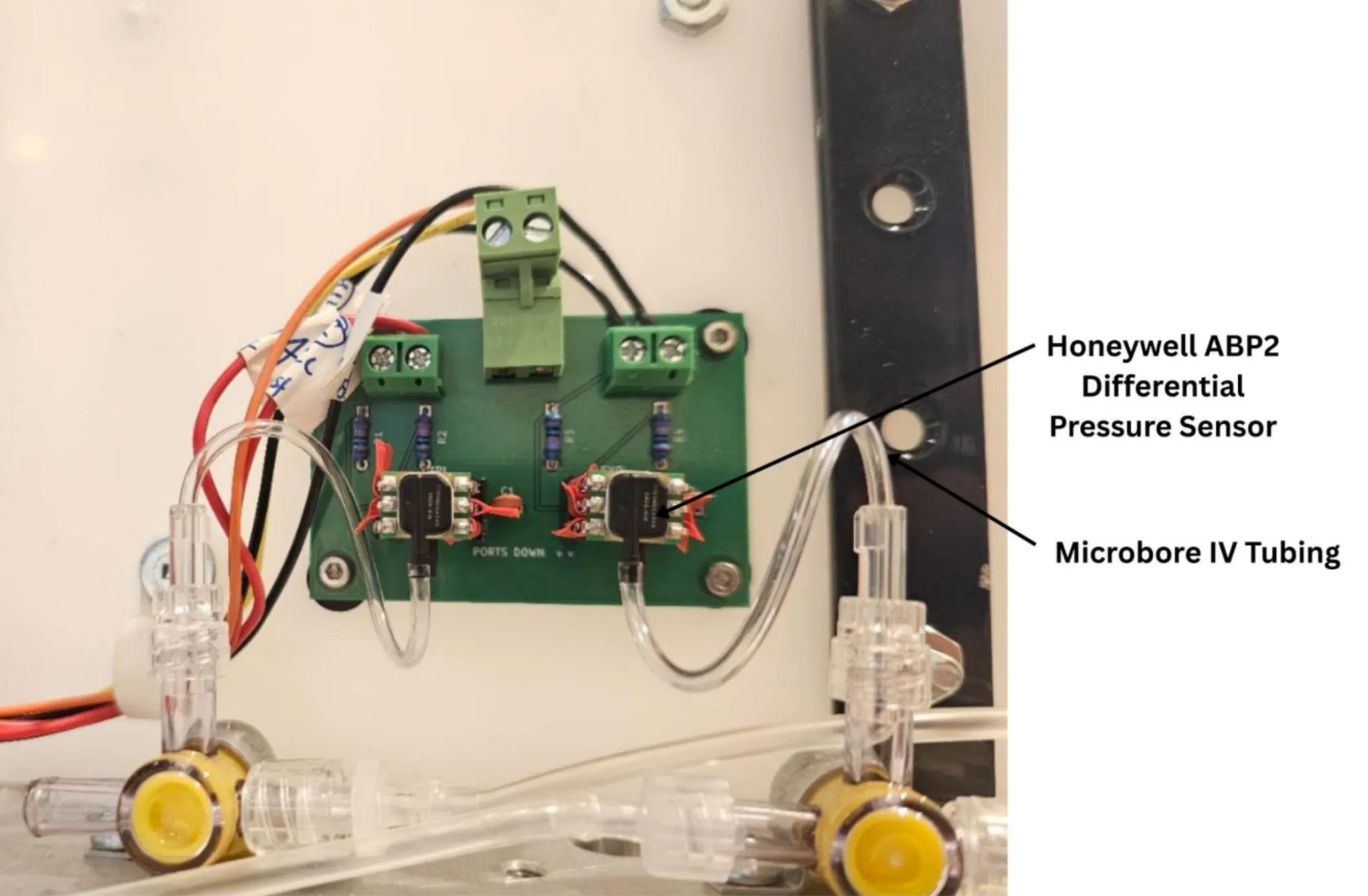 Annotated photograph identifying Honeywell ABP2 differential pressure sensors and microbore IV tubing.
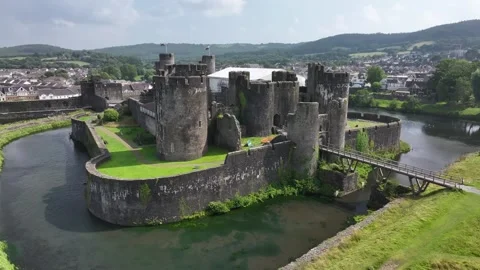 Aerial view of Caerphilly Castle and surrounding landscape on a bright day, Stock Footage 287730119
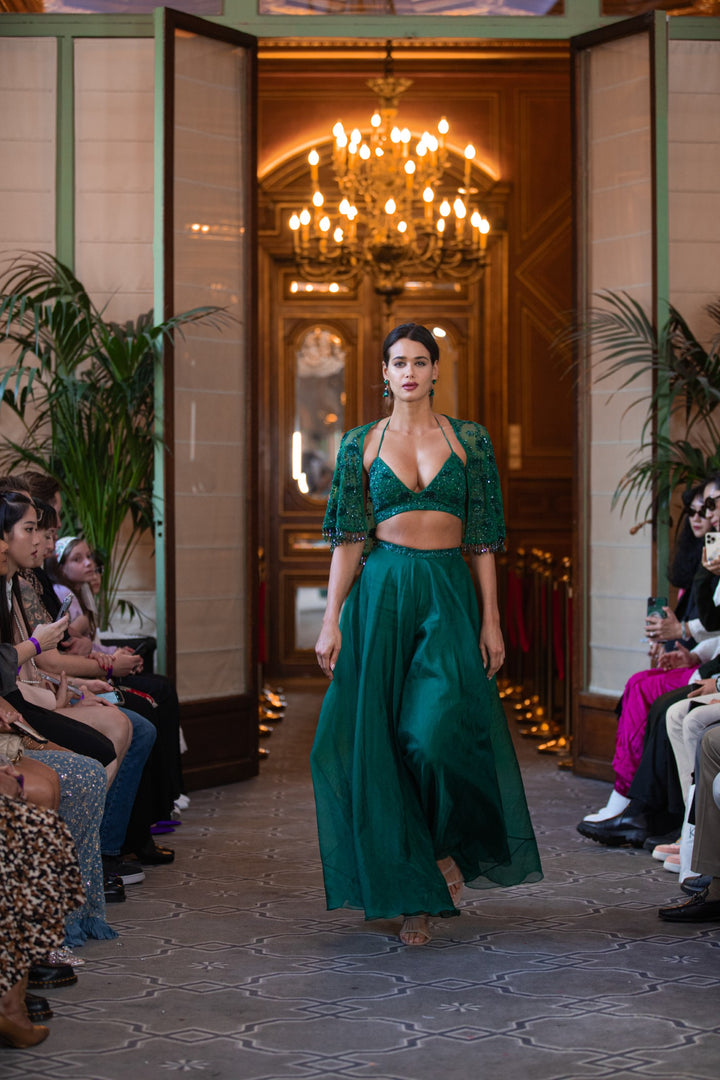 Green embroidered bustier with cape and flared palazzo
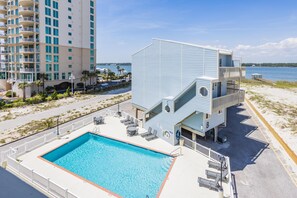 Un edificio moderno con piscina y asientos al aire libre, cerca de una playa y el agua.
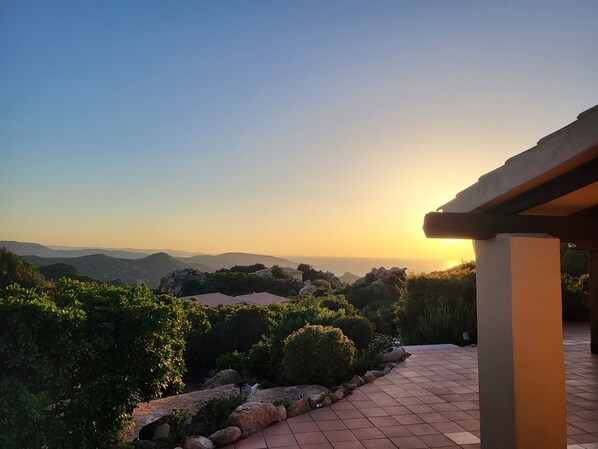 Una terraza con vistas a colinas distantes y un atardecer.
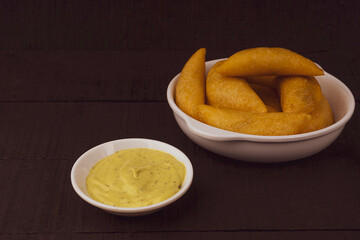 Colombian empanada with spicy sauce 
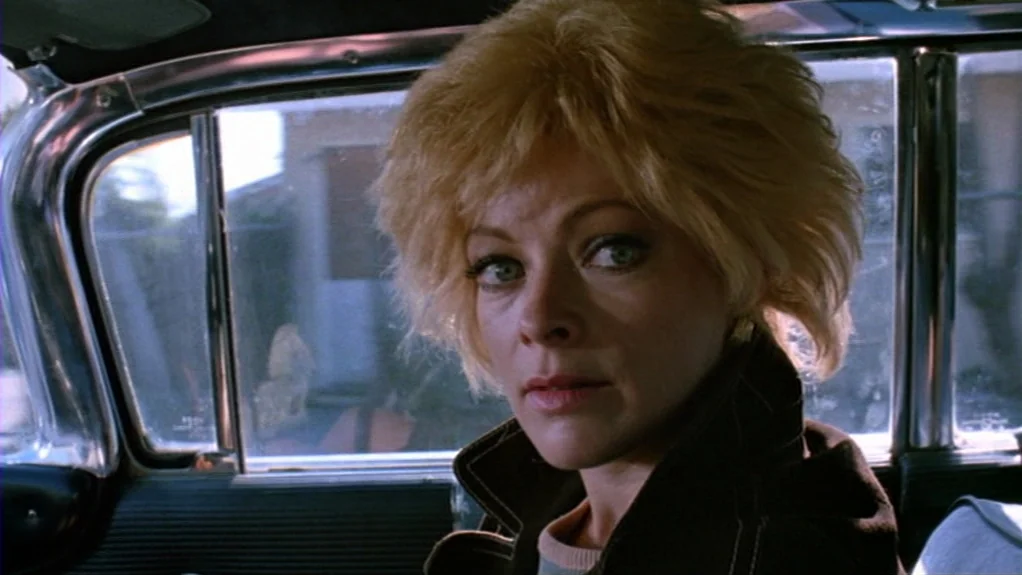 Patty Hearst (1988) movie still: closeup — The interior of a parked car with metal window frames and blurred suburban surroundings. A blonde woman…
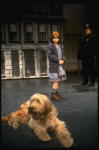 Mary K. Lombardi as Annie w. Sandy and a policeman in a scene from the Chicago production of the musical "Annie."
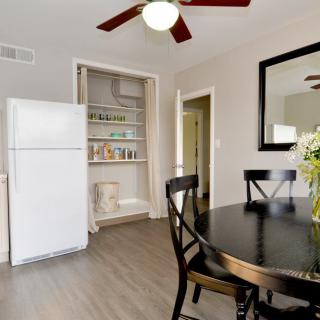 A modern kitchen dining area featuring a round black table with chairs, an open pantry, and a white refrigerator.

──────────

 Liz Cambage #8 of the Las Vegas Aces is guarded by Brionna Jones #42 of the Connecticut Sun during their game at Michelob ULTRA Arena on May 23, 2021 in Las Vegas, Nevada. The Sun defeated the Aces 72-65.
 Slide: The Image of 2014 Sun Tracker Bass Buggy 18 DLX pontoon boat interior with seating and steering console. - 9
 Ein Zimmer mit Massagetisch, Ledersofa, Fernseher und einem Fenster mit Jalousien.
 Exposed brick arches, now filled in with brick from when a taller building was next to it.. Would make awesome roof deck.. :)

──────────

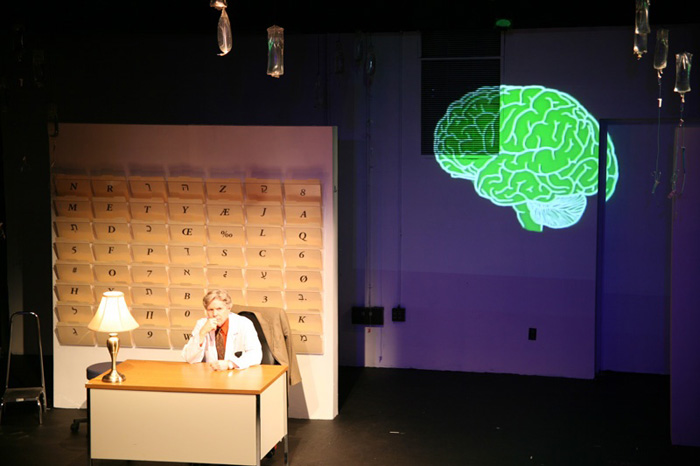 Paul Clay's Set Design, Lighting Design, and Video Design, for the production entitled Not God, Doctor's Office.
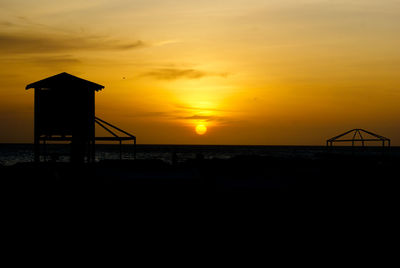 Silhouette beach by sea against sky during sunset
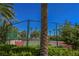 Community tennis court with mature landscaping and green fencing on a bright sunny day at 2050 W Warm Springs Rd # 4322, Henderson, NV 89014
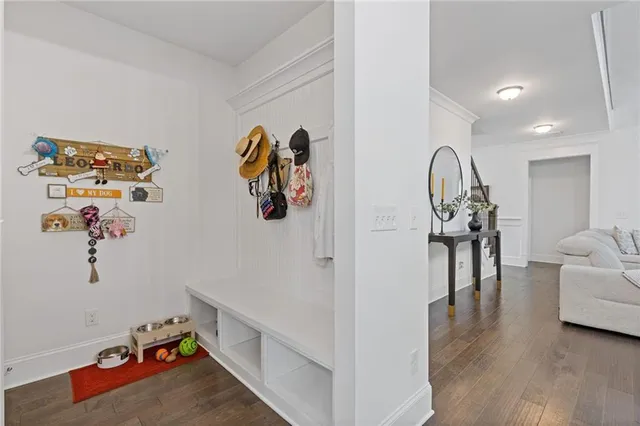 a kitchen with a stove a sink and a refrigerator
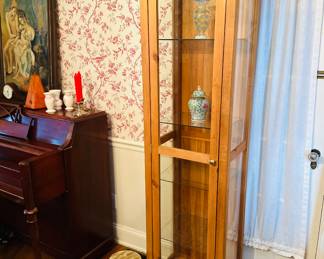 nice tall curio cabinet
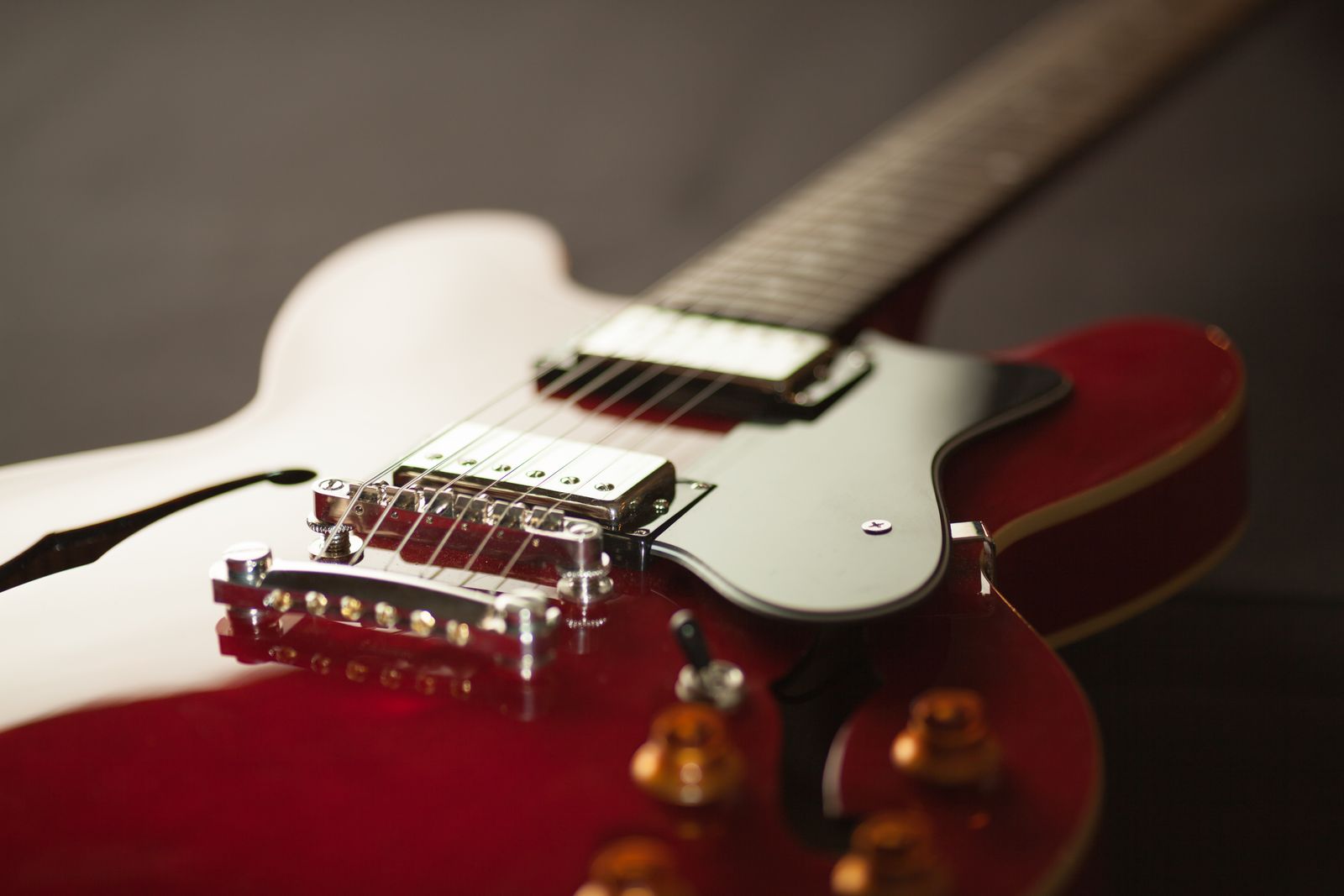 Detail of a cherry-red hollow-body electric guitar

──────────

*WORK TASK*: Go back to the listing above and reproduce, exactly, the stretch from the line bearing "Paul Clay's Set" through the line bearing "Detail of a", without its pictures.

*YOUR RESPONSE*:
 Paul Clay's Set Design, Lighting Design, and Video Design, for the production entitled Not God, Doctor's Office.
 Silhouette beach by sea against sky during sunset
 Community tennis court with mature landscaping and green fencing on a bright sunny day at 2050 W Warm Springs Rd # 4322, Henderson, NV 89014
 a kitchen with a stove a sink and a refrigerator
 nice tall curio cabinet
 Detail of a cherry-red hollow-body electric guitar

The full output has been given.